Just as a for instance (statistically valid sampling of one :), I had a guy
working with me, Rick Smith, who is older than I am (I'm 55) and he is one of
the most productive programmers I've ever met. Just amazing what he can get
done, I really don't understand how he does it, I'm nowhere near that good.
But he's as good as I was at my best so I think it is possible to be old and
good.

But it is a lot harder than being young and good. I used to be able to pour
myself a glass of wine in the evening, sit down, and hammer out a couple of
really good commits. These days not so much. Forget the wine, it's rare that I
have the juice to do anything useful, those really good coding days are not
something I can just switch on like I used to. They come to me when they want
and I have to grab 'em and ride them as far as I can because it will be a
month or more before I get another one. I'm talking about those really
productive coding sessions where you have all the state in your head, you see
the code, you see the docs, you see the test cases, you see how it all fits
together and you are just typing it in as fast as you can.

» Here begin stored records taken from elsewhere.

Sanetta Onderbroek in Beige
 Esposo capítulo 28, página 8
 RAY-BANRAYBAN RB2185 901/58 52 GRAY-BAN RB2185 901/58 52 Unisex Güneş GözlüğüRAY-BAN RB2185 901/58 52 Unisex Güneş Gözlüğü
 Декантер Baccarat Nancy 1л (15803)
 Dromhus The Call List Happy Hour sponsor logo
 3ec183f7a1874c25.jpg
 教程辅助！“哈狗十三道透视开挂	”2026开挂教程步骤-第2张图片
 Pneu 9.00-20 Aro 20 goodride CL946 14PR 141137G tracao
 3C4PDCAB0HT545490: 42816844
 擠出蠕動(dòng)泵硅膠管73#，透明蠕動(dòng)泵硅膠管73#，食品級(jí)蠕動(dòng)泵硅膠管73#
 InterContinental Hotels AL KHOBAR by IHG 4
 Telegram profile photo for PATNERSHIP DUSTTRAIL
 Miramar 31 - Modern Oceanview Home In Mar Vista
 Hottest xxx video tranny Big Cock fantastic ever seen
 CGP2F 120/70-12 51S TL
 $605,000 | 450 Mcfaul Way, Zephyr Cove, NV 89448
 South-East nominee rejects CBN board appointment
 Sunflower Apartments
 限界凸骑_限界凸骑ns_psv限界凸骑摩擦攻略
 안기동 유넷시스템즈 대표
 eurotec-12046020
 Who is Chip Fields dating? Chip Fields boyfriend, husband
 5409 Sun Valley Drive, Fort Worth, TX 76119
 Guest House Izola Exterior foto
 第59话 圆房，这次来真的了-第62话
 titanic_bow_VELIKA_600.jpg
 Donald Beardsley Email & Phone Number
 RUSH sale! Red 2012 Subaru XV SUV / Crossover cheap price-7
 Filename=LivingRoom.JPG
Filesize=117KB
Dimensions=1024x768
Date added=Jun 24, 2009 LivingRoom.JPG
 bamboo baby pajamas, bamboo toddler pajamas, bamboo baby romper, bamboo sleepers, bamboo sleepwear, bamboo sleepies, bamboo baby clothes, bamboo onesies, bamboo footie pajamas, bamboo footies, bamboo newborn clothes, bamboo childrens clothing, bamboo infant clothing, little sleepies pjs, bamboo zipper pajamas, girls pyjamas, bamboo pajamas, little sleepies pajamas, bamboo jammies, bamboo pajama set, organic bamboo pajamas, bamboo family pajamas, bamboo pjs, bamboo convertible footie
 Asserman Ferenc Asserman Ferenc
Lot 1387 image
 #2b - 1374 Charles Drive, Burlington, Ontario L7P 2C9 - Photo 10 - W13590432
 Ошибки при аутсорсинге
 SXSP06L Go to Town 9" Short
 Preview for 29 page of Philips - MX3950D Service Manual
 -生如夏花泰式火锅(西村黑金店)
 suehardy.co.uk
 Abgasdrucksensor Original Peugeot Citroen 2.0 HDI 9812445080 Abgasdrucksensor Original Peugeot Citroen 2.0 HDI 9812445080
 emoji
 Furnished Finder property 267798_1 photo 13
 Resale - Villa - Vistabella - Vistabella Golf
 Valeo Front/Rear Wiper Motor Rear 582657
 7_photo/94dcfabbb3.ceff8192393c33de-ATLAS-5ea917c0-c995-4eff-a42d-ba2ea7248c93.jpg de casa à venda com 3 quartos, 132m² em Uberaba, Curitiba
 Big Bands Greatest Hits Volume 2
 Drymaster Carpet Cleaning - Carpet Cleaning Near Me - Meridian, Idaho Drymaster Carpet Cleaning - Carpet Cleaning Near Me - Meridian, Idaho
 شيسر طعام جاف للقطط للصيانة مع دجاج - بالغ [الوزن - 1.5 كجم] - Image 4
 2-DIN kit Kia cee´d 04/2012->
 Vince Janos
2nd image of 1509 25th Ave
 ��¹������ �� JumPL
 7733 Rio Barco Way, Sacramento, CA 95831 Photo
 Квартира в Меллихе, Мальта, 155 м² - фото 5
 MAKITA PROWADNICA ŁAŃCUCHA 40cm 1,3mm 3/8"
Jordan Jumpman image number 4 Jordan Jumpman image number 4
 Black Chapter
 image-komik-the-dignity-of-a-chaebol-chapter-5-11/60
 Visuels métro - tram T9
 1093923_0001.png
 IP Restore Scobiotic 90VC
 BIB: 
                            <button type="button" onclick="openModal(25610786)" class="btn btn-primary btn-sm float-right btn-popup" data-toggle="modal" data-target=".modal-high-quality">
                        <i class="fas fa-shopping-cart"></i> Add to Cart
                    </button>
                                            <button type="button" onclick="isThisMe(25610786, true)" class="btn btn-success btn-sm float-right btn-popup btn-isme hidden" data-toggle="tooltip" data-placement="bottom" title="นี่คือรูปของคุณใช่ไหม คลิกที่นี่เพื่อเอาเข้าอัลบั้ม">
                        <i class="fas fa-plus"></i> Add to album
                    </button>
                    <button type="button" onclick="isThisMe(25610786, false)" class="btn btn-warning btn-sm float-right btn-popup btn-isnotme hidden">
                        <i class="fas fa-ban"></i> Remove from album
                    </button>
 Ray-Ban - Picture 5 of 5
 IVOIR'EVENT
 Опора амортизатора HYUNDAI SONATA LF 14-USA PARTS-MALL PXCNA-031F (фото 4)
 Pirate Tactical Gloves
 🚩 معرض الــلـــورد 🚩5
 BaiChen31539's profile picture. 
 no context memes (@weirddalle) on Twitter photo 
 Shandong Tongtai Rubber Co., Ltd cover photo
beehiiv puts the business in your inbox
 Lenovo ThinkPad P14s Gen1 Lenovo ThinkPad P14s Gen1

Don't get those
like I used to.

My Dad once told me that you are basically done doing anything significant by
the time you are 35 (he was high energy theoretical nuclear physics). I've
certainly proved him wrong, I did plenty of work that I'm proud of in my 40's,
but 50's? Hmm, not so much. It gets hard.

Sorry to be a downer, I guess. If I were to offer up any hope I'd say stay as
fit as you can. Healthy body, healthy mind and all that.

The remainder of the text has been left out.